» WORK TO BE COMPLETED
In the entries that follow, the lines from the line containing "Photo of property" up to and including the line containing "Литва, № MFZ 008 — Jeep Cherokee (XJ) '84-01" must be copied exactly, with pictures omitted.

» RECORD SET
======

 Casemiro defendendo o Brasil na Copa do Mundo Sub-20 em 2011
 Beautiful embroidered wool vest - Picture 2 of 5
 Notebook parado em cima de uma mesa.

======

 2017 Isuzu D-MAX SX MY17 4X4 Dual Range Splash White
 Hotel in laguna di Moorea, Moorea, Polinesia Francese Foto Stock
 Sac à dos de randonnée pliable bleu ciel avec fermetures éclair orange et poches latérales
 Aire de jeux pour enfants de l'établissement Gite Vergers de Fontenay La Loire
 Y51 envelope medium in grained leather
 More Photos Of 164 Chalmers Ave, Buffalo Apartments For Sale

======

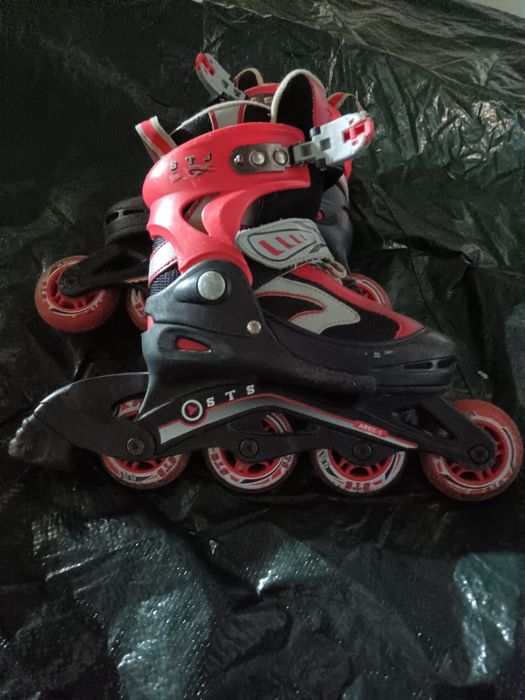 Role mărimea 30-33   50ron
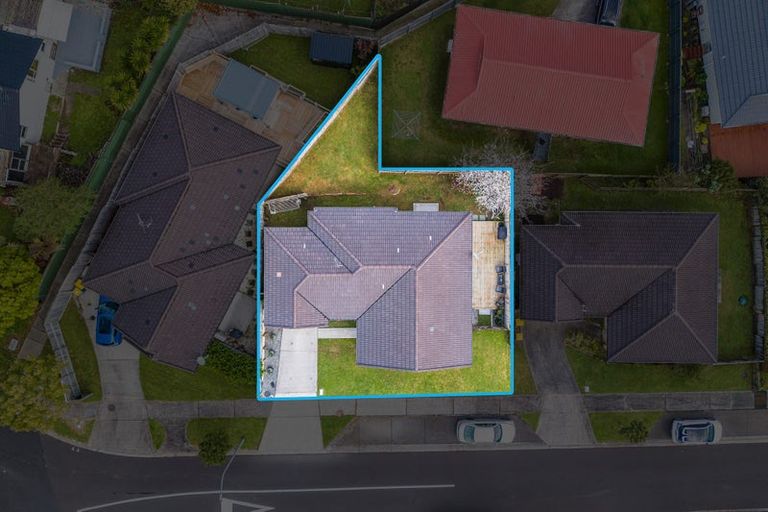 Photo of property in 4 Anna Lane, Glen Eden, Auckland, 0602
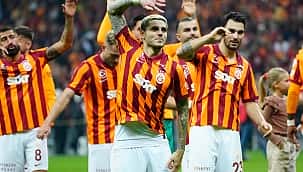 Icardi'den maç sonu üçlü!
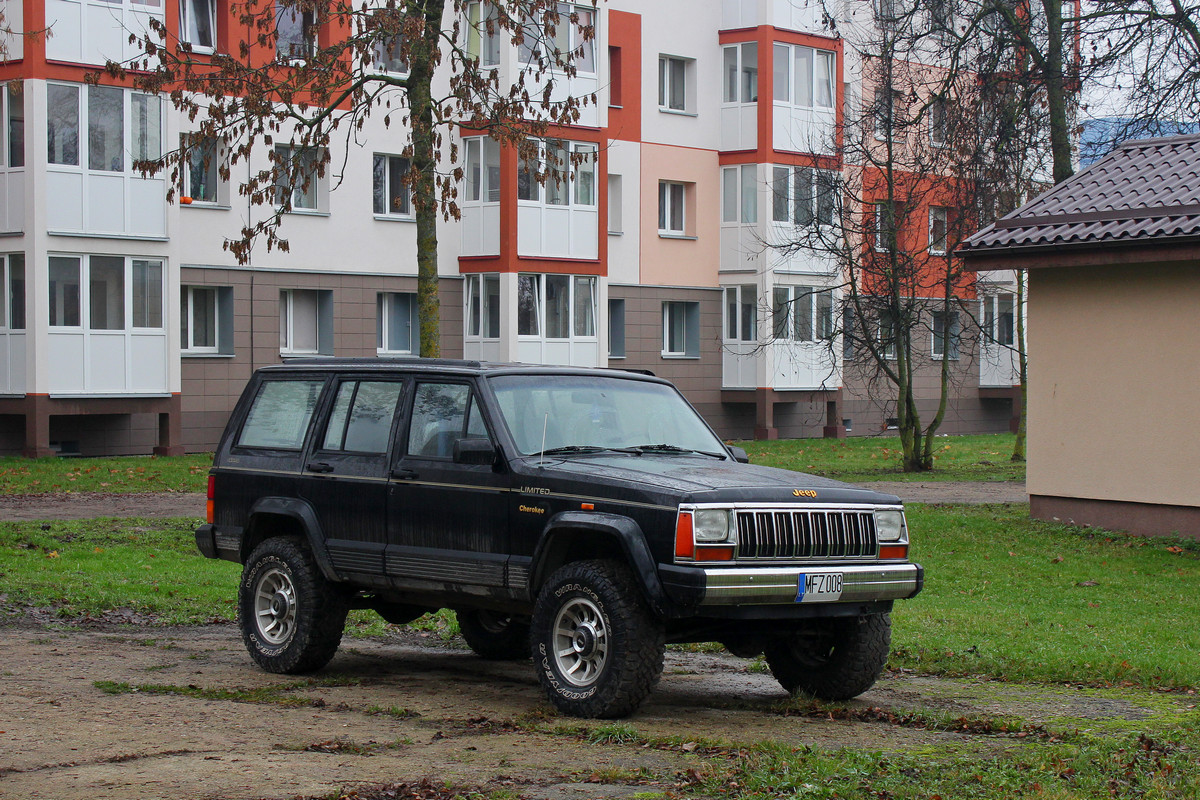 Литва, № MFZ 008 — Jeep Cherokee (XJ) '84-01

======

» OUTPUT OF THE EXERCISE
 Photo of property in 4 Anna Lane, Glen Eden, Auckland, 0602
 Icardi'den maç sonu üçlü!
 Литва, № MFZ 008 — Jeep Cherokee (XJ) '84-01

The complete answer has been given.